The Lebanese pound has sunk to a historic low against the US dollar on the country’s parallel market, the latest sombre milestone in an economic meltdown that has plunged much of the population into poverty.

The Lebanese pound, officially pegged at 15,000 to the dollar, was trading at 100,000 against the greenback, dealers said on Tuesday – a dizzying plunge from 1,507 before the economic crisis hit in 2019.

The currency’s market value was at about 60,000 to the dollar in late January.

Despite the gravity of the crisis, the political elite, which has been widely blamed for the country’s financial collapse, has failed to check the currency’s free fall.

Since last year, the country has had no president and only a caretaker government, amid persistent deadlock between rival alliances in parliament.
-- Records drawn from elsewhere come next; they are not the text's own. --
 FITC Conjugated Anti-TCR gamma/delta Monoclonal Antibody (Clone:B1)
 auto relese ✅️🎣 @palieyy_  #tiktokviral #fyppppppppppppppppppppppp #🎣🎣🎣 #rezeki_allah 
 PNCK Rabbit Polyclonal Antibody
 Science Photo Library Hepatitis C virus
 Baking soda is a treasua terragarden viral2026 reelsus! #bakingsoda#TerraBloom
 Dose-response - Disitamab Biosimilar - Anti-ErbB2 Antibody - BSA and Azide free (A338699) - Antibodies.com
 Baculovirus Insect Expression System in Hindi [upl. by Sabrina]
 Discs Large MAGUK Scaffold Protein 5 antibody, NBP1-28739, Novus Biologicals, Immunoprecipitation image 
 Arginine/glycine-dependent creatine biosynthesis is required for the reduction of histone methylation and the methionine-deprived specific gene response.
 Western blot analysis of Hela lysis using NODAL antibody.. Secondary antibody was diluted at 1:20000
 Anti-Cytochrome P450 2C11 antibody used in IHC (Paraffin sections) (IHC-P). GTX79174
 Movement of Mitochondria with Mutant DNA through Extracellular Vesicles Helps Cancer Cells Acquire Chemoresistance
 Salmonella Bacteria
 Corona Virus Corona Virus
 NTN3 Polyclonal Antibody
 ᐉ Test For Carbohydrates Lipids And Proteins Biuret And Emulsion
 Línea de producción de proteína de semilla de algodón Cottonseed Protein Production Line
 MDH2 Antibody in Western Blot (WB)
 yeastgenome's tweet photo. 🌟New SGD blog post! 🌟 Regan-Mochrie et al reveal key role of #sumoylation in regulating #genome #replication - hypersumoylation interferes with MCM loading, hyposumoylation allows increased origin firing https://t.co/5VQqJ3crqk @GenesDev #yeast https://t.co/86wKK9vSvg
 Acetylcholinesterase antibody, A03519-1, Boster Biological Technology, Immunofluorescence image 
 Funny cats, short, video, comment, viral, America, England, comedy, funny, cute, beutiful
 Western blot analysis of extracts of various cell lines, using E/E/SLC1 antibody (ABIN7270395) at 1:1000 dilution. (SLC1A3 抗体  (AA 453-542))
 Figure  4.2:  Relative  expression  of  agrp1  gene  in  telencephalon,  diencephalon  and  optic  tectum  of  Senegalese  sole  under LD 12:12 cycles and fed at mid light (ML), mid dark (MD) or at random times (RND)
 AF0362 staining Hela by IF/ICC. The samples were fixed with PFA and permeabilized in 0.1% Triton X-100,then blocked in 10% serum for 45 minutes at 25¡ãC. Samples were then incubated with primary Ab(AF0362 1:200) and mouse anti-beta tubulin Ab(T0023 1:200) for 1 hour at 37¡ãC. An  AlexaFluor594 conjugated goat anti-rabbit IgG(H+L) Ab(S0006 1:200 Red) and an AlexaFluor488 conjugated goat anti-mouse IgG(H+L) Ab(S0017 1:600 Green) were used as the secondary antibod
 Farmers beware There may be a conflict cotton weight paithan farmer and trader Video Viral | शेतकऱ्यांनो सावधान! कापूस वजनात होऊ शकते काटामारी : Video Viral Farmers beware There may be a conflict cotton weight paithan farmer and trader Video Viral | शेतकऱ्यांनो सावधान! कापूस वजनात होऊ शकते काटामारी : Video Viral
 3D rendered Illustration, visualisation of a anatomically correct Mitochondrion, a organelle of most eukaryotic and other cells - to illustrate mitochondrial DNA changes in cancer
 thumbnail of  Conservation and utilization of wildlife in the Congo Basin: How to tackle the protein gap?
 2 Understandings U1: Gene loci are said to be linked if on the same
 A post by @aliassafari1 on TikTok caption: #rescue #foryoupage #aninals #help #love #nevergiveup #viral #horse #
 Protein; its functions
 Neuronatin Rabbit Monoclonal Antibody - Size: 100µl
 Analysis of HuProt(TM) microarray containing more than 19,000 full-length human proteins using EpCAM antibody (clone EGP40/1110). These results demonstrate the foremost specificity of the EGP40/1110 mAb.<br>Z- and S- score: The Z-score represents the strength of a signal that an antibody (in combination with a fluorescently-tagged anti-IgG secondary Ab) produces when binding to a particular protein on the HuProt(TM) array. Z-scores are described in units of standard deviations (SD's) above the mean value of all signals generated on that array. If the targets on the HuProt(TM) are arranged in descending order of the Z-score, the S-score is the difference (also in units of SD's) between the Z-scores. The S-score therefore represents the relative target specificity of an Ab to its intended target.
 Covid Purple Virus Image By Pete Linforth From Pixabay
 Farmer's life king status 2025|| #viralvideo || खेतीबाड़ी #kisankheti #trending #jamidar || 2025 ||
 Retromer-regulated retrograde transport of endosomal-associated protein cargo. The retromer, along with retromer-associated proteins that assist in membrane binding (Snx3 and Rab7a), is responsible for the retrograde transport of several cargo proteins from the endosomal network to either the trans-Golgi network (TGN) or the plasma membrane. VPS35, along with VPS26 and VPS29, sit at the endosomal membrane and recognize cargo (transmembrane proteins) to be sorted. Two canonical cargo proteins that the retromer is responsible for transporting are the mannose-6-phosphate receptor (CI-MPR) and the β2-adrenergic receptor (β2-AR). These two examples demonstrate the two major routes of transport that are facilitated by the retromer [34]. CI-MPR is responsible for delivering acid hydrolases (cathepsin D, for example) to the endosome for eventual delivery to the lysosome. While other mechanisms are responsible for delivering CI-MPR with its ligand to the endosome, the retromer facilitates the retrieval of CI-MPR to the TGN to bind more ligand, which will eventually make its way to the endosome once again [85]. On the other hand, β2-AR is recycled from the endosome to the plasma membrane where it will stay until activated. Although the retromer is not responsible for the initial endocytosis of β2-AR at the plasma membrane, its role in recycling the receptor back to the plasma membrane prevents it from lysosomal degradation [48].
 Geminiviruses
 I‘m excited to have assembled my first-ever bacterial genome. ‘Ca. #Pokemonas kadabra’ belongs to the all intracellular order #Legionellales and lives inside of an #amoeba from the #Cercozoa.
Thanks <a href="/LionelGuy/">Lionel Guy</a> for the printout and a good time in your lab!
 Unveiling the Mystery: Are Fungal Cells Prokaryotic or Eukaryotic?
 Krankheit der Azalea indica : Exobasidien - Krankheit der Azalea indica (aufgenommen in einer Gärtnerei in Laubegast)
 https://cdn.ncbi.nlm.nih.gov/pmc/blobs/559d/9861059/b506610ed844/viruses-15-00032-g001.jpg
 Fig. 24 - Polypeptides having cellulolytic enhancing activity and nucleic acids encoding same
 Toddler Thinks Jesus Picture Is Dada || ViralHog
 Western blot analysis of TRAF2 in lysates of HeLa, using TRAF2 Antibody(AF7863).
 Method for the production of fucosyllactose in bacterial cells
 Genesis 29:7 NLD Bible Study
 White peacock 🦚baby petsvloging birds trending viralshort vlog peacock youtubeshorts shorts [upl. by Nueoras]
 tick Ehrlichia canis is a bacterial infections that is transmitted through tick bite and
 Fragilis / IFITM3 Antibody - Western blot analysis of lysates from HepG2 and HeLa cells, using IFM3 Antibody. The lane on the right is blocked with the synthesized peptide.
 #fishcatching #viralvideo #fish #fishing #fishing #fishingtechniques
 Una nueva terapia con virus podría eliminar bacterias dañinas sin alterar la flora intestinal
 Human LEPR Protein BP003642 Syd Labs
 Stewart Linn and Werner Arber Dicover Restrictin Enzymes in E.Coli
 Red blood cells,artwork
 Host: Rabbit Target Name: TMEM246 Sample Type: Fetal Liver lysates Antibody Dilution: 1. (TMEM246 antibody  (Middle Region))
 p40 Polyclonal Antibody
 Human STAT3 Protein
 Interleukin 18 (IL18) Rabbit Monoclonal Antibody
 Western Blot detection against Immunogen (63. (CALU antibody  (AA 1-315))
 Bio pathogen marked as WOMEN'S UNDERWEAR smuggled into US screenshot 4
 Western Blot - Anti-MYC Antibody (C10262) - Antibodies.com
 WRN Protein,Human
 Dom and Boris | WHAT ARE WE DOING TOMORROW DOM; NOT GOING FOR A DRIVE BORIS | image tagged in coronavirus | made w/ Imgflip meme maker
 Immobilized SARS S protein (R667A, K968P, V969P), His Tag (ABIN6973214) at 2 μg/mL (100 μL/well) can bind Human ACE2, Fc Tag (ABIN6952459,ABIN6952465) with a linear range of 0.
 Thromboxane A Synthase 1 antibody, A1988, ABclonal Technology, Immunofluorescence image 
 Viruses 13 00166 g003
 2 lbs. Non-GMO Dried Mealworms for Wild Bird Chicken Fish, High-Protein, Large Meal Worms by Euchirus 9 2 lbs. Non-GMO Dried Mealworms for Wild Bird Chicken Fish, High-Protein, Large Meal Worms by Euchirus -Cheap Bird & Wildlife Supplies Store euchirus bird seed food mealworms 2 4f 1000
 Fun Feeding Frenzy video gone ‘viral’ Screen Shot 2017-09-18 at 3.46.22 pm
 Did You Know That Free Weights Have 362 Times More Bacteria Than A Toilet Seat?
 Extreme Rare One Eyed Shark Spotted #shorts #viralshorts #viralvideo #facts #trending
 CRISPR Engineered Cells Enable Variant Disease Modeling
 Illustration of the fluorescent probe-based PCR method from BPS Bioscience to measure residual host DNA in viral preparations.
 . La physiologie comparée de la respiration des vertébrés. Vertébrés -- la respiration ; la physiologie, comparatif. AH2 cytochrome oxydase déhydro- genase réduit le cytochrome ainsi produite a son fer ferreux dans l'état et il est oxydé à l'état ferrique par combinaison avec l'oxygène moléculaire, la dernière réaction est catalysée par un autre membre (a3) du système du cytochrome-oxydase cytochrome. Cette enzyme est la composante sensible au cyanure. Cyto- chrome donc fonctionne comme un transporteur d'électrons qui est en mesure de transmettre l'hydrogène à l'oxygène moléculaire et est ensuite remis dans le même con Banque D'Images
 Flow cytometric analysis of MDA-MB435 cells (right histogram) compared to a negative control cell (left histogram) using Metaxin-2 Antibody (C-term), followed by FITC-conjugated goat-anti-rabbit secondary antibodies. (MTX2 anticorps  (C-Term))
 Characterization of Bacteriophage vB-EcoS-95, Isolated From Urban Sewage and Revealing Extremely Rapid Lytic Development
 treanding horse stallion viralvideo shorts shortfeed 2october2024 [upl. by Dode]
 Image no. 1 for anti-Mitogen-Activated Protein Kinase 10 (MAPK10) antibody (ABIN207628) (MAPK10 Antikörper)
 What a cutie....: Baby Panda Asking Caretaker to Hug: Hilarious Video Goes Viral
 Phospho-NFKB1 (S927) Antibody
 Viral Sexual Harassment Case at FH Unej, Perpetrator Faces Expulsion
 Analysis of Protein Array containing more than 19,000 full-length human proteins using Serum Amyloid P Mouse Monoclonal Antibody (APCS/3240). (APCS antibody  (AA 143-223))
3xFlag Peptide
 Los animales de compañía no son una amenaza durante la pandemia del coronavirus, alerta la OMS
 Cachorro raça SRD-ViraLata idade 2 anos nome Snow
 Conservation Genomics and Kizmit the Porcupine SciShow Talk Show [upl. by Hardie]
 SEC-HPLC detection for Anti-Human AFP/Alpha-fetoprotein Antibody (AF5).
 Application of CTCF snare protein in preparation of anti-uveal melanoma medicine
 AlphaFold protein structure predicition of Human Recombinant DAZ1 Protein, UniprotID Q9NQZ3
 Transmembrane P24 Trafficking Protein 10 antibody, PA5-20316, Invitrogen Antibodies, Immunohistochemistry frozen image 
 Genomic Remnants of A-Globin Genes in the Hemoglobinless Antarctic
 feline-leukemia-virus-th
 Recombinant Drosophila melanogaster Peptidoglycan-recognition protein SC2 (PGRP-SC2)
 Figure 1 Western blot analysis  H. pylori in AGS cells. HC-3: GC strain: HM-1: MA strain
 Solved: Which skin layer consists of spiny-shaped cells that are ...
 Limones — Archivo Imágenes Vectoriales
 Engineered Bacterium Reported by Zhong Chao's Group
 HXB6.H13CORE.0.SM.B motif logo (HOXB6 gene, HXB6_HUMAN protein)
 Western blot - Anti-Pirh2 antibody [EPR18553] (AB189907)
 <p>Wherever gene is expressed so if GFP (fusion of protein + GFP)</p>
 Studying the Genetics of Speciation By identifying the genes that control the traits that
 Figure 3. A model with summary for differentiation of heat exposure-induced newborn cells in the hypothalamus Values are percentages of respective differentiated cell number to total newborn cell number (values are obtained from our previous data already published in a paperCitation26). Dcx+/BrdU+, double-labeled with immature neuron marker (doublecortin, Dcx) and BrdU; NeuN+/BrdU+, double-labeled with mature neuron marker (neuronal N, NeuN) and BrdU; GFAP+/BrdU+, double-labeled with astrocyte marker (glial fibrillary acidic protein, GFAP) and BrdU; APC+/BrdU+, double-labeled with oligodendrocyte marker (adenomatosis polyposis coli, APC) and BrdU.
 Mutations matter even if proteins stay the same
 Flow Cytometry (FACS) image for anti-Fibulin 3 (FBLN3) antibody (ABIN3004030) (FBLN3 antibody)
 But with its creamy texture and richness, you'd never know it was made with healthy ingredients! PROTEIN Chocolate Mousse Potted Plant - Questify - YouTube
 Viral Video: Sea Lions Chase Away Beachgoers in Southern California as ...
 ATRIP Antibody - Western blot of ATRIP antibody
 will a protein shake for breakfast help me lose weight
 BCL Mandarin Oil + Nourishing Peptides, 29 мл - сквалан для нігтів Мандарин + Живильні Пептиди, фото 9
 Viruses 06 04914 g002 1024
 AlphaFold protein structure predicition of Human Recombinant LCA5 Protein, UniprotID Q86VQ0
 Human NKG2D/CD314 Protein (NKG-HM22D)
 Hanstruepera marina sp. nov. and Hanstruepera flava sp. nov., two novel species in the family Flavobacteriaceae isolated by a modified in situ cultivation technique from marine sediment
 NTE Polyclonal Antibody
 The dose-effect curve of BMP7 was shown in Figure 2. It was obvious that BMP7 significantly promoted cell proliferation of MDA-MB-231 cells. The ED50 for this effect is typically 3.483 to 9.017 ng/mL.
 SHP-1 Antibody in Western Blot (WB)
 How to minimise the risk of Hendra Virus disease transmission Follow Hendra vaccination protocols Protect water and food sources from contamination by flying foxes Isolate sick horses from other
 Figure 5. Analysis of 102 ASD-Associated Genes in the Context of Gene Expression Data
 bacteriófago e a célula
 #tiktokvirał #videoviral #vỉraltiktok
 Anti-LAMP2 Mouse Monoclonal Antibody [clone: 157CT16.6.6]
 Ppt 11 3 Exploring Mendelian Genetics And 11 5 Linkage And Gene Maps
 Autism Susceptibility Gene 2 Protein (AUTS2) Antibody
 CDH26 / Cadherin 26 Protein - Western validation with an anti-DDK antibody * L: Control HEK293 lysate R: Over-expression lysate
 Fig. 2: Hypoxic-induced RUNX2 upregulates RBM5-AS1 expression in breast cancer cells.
Lebanese banks that have long imposed draconian withdrawal restrictions – essentially locking depositors out of their life savings – were closed on Tuesday as they resumed an open-ended strike.

The strike began early last month to protest against what the Association of Banks in Lebanon described as “arbitrary” judicial measures against lenders after depositors filed lawsuits to retrieve savings.

In response to the lawsuits, some judges sought to seize the funds of bank directors or board members or to force lenders to pay out customers’ dollar deposits in pounds at the old 1,507 exchange rate.

Hold-ups

Customers had a two-week reprieve from the strike after caretaker Prime Minister Najib Mikati intervened late last month to impede the work of one of the judges investigating banks.

Over the past three years, bank withdrawal limits have sparked public outrage that has seen some Lebanese resort to armed hold-ups in a bid to lay hands on their own money.

The facades of many banks in the capital are almost unrecognisable from the outside, covered in protective metal panels, while ATMs have been vandalised and bank branches have repeatedly closed for days.

In mid-February, dozens of angry demonstrators attacked several banks in Beirut after the pound sunk to about 80,000 against the greenback.

Political inaction and a lack of accountability have been a hallmark of the Lebanese economic crisis.

Officials have failed to enact any of the reforms demanded by international creditors in return for unlocking billions of dollars in emergency loans.

In April last year, the International Monetary Fund announced an agreement in principle to provide Beirut with $3bn in loans spread over four years – conditional on a package of sweeping reforms.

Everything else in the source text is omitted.